### EXERCISE REQUIREMENTS
Please output the section of the listing below that opens with the line containing "Grilling Corner Grill" and closes with the line containing "Comic Party Wonder", exactly and with nothing else.

### SOURCE DATA
────────────────────
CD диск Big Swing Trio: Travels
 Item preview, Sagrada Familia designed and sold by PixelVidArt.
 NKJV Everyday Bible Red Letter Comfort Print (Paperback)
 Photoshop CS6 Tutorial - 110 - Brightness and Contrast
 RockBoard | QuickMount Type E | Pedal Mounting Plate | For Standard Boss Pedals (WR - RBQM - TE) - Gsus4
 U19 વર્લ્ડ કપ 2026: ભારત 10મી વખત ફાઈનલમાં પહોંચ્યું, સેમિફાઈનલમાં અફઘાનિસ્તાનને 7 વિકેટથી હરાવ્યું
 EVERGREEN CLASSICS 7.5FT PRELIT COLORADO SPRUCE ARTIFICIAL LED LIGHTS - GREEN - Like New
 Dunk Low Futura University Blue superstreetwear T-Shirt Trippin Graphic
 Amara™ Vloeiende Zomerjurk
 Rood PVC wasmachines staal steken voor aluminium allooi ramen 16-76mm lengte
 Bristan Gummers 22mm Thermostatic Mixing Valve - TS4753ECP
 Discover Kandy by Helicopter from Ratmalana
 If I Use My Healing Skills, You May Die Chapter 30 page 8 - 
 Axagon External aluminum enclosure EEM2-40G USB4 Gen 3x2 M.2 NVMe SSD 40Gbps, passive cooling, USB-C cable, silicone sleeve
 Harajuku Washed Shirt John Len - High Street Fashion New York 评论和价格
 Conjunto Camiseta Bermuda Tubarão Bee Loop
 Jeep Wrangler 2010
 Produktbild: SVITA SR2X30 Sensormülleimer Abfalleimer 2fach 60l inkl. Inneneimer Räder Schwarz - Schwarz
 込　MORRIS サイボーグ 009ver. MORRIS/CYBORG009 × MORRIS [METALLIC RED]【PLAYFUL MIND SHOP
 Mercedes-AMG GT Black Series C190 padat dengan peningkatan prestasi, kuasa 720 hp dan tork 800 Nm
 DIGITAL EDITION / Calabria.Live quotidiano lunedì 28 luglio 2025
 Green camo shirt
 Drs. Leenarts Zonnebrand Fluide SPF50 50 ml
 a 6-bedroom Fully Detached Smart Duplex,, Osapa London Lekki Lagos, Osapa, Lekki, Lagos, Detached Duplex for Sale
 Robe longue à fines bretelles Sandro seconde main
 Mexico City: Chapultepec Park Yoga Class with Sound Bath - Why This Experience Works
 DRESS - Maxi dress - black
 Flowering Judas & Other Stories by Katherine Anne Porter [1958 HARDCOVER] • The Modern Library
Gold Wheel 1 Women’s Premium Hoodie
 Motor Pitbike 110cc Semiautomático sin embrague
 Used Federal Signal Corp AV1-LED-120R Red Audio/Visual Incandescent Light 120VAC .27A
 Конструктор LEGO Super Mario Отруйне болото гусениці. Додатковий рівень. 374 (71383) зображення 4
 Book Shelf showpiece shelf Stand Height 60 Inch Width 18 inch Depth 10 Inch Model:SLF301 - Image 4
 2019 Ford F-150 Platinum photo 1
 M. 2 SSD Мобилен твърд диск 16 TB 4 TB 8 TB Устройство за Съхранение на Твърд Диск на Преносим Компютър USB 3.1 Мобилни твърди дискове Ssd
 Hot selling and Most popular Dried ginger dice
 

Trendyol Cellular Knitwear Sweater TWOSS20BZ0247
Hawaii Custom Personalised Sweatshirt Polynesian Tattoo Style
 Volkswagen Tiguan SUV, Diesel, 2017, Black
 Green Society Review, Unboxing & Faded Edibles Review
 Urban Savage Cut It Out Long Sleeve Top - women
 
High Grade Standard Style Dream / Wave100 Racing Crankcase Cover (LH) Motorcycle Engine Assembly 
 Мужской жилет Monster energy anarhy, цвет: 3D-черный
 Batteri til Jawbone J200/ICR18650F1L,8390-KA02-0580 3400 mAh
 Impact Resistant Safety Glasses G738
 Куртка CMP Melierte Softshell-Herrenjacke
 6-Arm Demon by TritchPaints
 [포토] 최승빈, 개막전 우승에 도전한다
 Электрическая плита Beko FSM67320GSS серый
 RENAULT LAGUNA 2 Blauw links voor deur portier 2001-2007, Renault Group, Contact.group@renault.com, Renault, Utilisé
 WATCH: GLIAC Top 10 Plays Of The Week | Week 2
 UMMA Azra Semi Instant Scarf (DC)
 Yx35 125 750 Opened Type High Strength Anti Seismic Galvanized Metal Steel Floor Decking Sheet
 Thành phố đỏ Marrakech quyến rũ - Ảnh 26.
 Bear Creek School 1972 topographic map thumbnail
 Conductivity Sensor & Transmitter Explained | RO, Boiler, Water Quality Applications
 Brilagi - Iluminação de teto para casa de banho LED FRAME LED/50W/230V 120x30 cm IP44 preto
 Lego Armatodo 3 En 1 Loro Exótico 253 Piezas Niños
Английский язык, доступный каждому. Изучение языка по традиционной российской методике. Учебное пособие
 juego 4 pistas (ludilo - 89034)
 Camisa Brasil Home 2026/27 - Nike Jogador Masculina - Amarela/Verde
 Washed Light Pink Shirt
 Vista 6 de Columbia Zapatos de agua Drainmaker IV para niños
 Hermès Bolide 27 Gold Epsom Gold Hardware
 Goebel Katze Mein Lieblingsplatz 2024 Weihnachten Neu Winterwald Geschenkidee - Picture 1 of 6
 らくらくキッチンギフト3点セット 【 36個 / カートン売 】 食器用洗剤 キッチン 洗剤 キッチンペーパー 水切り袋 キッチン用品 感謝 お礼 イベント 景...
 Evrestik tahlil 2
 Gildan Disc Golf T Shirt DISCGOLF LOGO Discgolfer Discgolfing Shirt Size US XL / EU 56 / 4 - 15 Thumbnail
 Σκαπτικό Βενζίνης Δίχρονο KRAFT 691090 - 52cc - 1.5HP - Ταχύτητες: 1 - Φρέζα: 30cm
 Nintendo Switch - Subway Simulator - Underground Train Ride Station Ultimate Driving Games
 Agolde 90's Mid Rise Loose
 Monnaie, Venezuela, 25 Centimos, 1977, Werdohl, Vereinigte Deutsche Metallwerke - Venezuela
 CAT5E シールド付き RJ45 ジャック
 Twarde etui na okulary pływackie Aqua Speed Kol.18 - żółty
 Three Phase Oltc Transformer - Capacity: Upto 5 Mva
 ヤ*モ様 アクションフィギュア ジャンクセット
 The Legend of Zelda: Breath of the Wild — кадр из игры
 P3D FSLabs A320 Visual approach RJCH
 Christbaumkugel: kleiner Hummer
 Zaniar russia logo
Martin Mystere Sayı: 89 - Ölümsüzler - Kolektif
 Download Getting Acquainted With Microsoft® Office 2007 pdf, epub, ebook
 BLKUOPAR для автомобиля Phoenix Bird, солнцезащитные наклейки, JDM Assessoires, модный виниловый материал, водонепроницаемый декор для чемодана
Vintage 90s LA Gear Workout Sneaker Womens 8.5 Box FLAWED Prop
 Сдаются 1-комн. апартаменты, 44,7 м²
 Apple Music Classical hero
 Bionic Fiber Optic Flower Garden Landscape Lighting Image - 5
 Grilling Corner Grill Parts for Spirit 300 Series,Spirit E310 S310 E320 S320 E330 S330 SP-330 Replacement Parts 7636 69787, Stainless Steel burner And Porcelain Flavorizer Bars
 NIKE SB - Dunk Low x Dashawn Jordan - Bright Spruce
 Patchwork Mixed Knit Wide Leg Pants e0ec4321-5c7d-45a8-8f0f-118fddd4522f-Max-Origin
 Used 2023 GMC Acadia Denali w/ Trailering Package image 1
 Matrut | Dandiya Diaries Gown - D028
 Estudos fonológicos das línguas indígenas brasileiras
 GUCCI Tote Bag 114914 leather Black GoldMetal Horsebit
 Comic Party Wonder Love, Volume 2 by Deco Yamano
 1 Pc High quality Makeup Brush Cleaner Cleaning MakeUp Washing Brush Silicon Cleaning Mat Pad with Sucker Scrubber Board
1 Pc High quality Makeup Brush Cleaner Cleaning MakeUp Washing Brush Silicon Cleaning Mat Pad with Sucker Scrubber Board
────────────────────
### SOLUTION TO THE EXERCISE
 Grilling Corner Grill Parts for Spirit 300 Series,Spirit E310 S310 E320 S320 E330 S330 SP-330 Replacement Parts 7636 69787, Stainless Steel burner And Porcelain Flavorizer Bars
 NIKE SB - Dunk Low x Dashawn Jordan - Bright Spruce
 Patchwork Mixed Knit Wide Leg Pants e0ec4321-5c7d-45a8-8f0f-118fddd4522f-Max-Origin
 Used 2023 GMC Acadia Denali w/ Trailering Package image 1
 Matrut | Dandiya Diaries Gown - D028
 Estudos fonológicos das línguas indígenas brasileiras
 GUCCI Tote Bag 114914 leather Black GoldMetal Horsebit
 Comic Party Wonder Love, Volume 2 by Deco Yamano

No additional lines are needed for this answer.